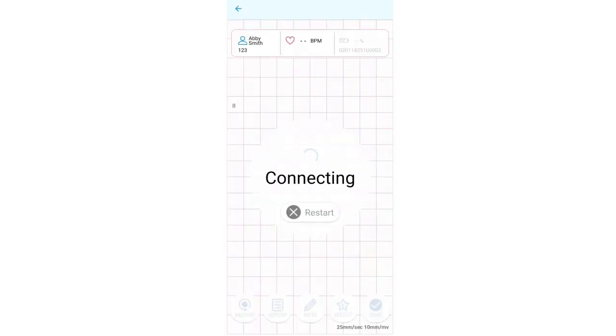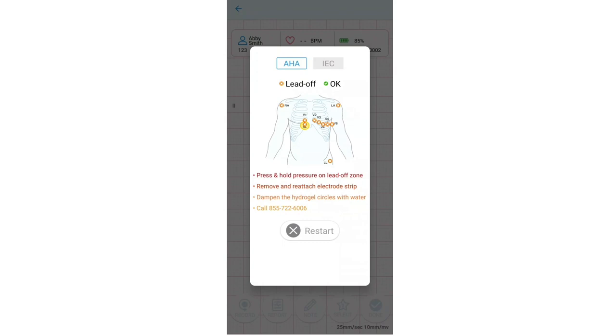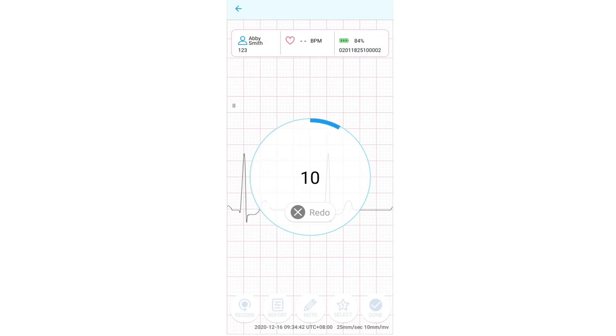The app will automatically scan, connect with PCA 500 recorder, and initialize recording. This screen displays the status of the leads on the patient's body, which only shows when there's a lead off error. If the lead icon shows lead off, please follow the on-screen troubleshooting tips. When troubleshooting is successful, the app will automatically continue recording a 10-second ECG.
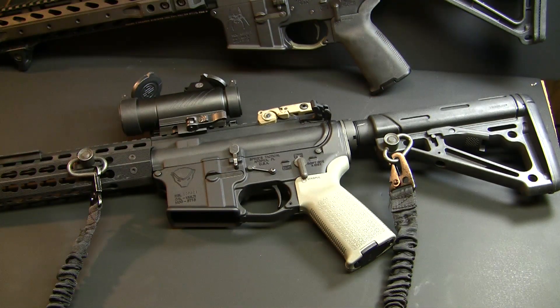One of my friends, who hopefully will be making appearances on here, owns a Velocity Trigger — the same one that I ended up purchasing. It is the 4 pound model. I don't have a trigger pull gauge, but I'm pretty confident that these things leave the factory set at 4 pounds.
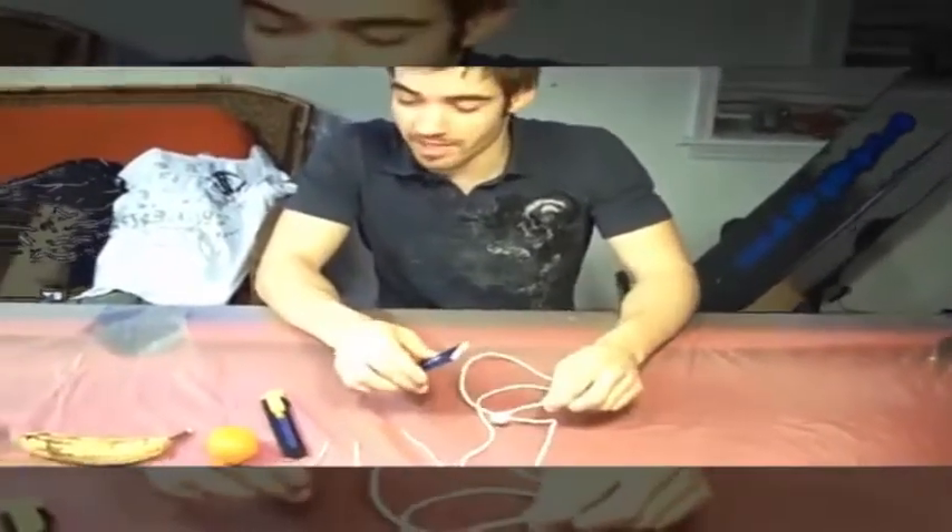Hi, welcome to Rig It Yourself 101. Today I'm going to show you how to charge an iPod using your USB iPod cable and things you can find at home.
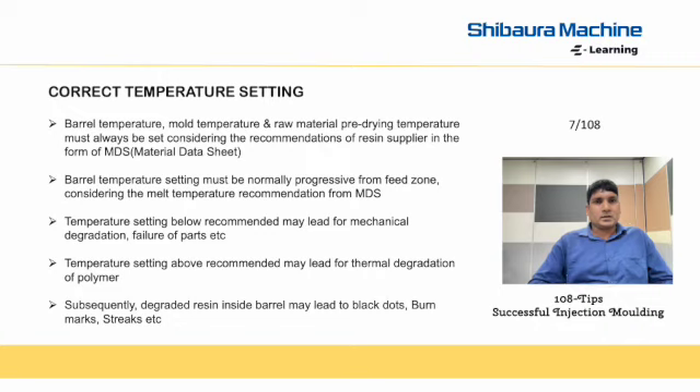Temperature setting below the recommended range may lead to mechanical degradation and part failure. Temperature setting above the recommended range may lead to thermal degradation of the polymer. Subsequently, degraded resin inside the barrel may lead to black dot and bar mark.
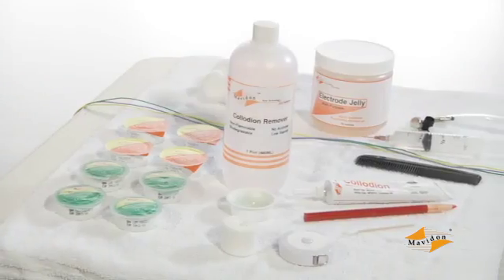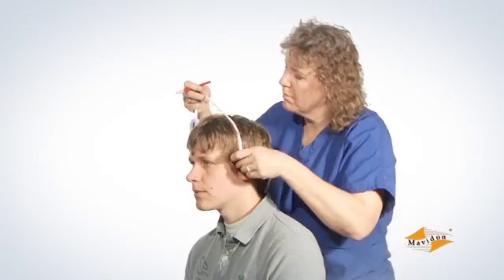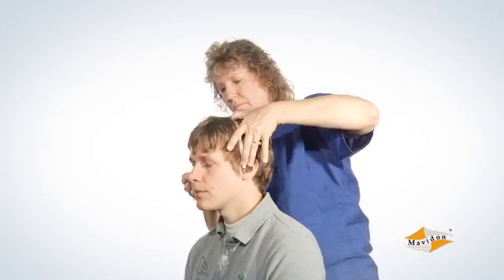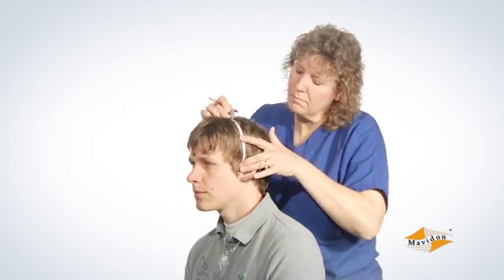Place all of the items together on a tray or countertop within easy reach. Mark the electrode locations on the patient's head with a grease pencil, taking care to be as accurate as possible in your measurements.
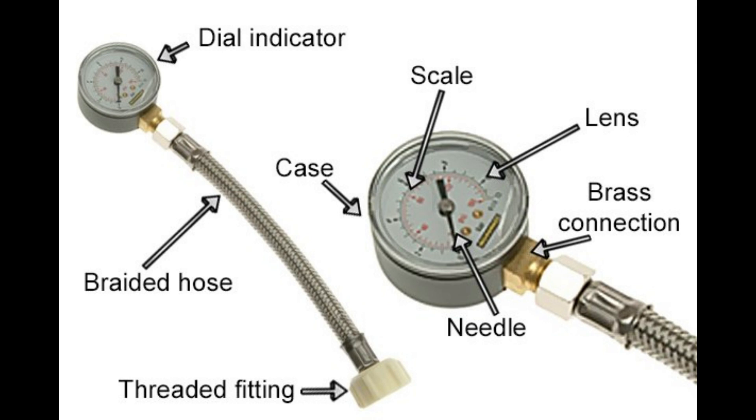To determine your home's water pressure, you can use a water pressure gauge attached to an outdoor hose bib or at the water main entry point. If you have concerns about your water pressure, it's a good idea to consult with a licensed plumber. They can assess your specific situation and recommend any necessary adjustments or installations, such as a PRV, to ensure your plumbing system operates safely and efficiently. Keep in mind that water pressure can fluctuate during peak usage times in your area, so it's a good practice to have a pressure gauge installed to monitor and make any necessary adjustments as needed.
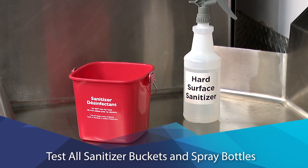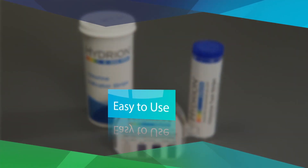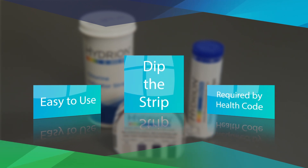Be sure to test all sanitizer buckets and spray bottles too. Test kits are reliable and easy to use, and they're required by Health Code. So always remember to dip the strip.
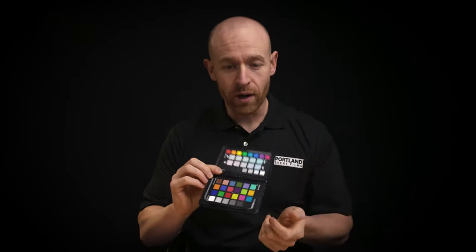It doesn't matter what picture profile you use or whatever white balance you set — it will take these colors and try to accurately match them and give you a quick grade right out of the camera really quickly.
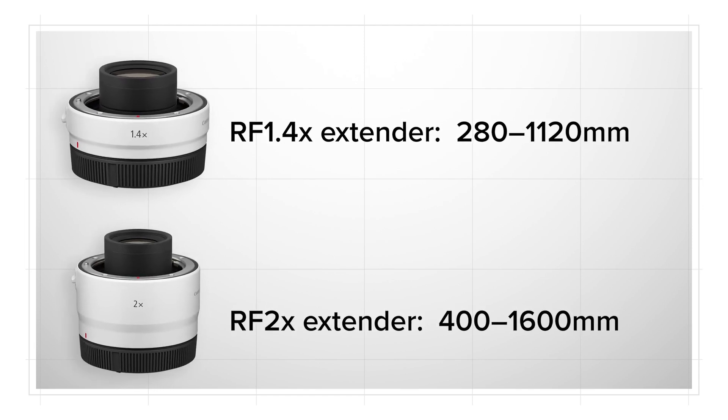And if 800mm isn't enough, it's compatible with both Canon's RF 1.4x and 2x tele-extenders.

Required action — Once the pictures are removed, return the entries exactly as they stand.

Task result —
The app will automatically scan, connect with PCA 500 recorder, and initialize recording. This screen displays the status of the leads on the patient's body, which only shows when there's a lead off error. If the lead icon shows lead off, please follow the on-screen troubleshooting tips. When troubleshooting is successful, the app will automatically continue recording a 10-second ECG.
One of my friends, who hopefully will be making appearances on here, owns a Velocity Trigger — the same one that I ended up purchasing. It is the 4 pound model. I don't have a trigger pull gauge, but I'm pretty confident that these things leave the factory set at 4 pounds.
Hi, welcome to Rig It Yourself 101. Today I'm going to show you how to charge an iPod using your USB iPod cable and things you can find at home.
Temperature setting below the recommended range may lead to mechanical degradation and part failure. Temperature setting above the recommended range may lead to thermal degradation of the polymer. Subsequently, degraded resin inside the barrel may lead to black dot and bar mark.
Place all of the items together on a tray or countertop within easy reach. Mark the electrode locations on the patient's head with a grease pencil, taking care to be as accurate as possible in your measurements.
To determine your home's water pressure, you can use a water pressure gauge attached to an outdoor hose bib or at the water main entry point. If you have concerns about your water pressure, it's a good idea to consult with a licensed plumber. They can assess your specific situation and recommend any necessary adjustments or installations, such as a PRV, to ensure your plumbing system operates safely and efficiently. Keep in mind that water pressure can fluctuate during peak usage times in your area, so it's a good practice to have a pressure gauge installed to monitor and make any necessary adjustments as needed.
Be sure to test all sanitizer buckets and spray bottles too. Test kits are reliable and easy to use, and they're required by Health Code. So always remember to dip the strip.
It doesn't matter what picture profile you use or whatever white balance you set — it will take these colors and try to accurately match them and give you a quick grade right out of the camera really quickly.
And if 800mm isn't enough, it's compatible with both Canon's RF 1.4x and 2x tele-extenders.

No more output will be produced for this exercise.